If you told me that the sun won't rise tomorrow morning here in the Yucatán, I couldn't be any more shocked by what I've learned today.
Since posting the article immediately below, I've been researching the just filed (or just about to be filed) international criminal complaint against Mexican president Felipe Calderón. To my dismay, press accounts say that one of the principal sponsors of this maneuver is no less an esteemed figure than John Ackerman.
John Ackerman is perhaps unknown to many of you, but his name will be recognized by anyone who follows Mexican politics and legal matters. John is a professor and "legal investigator" at UNAM (Autonomous National University of Mexico), and is the editor of the Mexican Law Review as well. He was educated in the States -- according to his online biography he holds a doctorate in political sociology from the University of California at Santa Cruz. I've never met John, but I've seen or listened to recorded interviews of him a time or two, and he's natively bi-lingual Spanish-English. John is a frequent guest and commentator on television and radio programs in Mexico and the Unites States, and he regularly pens op-ed columns for influential Mexican newspapers as well. That's a highly condensed summary of John's professional CV, but for those of you who want more, just plug his name into any search engine.

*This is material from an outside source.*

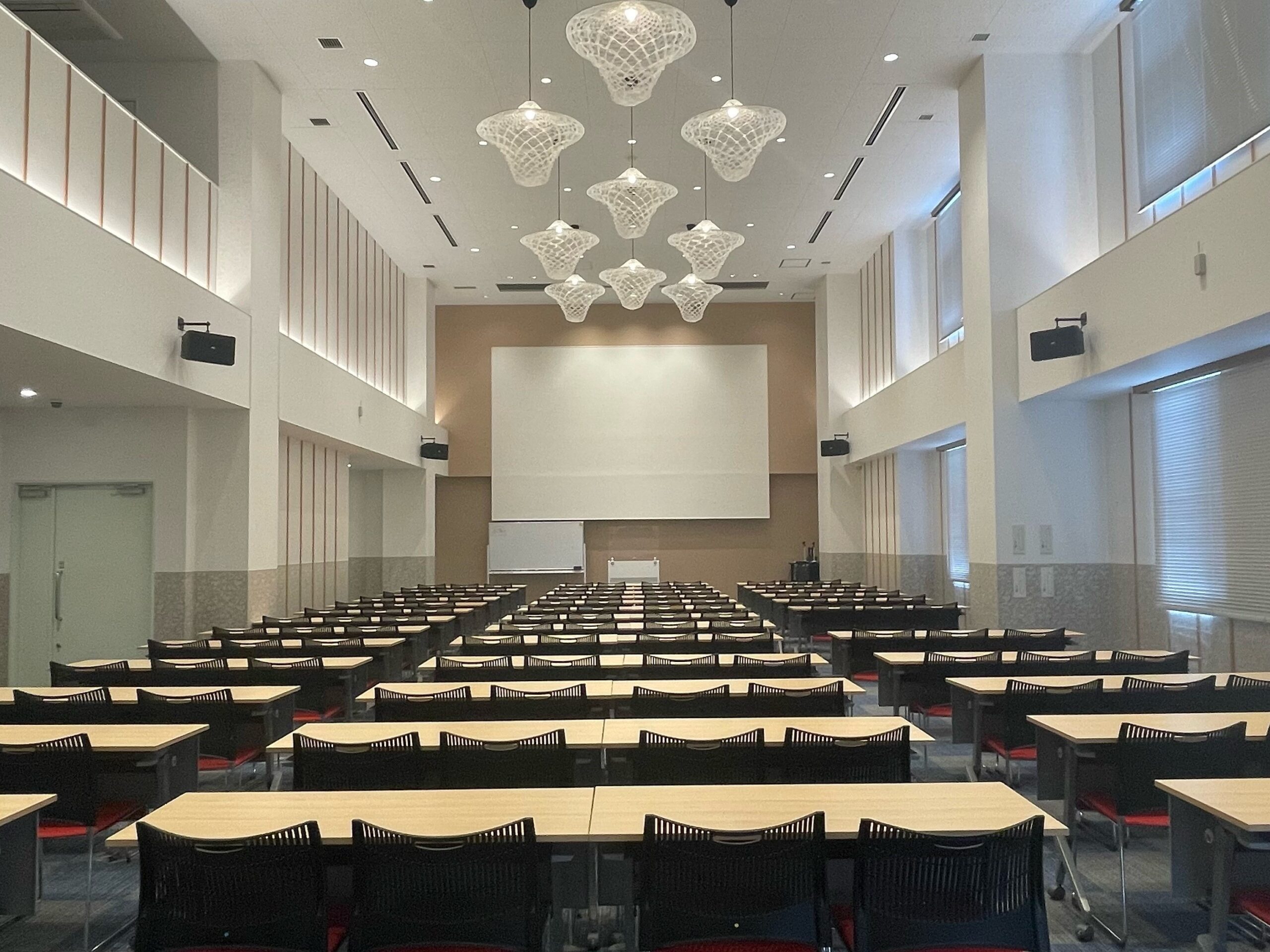 リロの会議室 池袋 9階ホール 正面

A few weeks ago, when Mexico's Twitter Terror case erupted on the scene, John wrote a reasoned editorial condemning the nonsensical prosecution and the even more nonsensical chief prosecutor in Veracruz, where the case arose (that prosecutor resigned last week, fortunately). I wrote my own editorial piece, taking the same position as John and enthusiastically supporting his views (Read it here: http://mexicogulfreporter-supplement.blogspot.com/2011/11/mexico-should-proceed-with-caution-in.html). Because of that bit of recent history, I'm all the more disappointed - and surprised.
It amazes me that John Ackerman would lend his name to such utterly blatant political posturing. Moreover, as as a man trained in legal affairs, he fully understands that after a day or two of splashy headlines, it will all be over. The International Criminal Court in The Hague is no more going to indict Felipe Calderón for waging war against the drug cartels than it's going to indict me for conspiracy to murder Hồ Chí Minh.
In a post on Sunday (October 9), read and commented on by many of you, I said this: "We are all entitled to our own opinions, although we most assuredly are not entitled to our own facts." I stand by those words 100%. But the characterization of the elected president of Mexico as a "war criminal" is entitled neither to deference nor to respect. I believe it will be flatly rejected by responsible, thinking people, and on both sides of the border. In this case, John M. Ackerman has his facts wrong.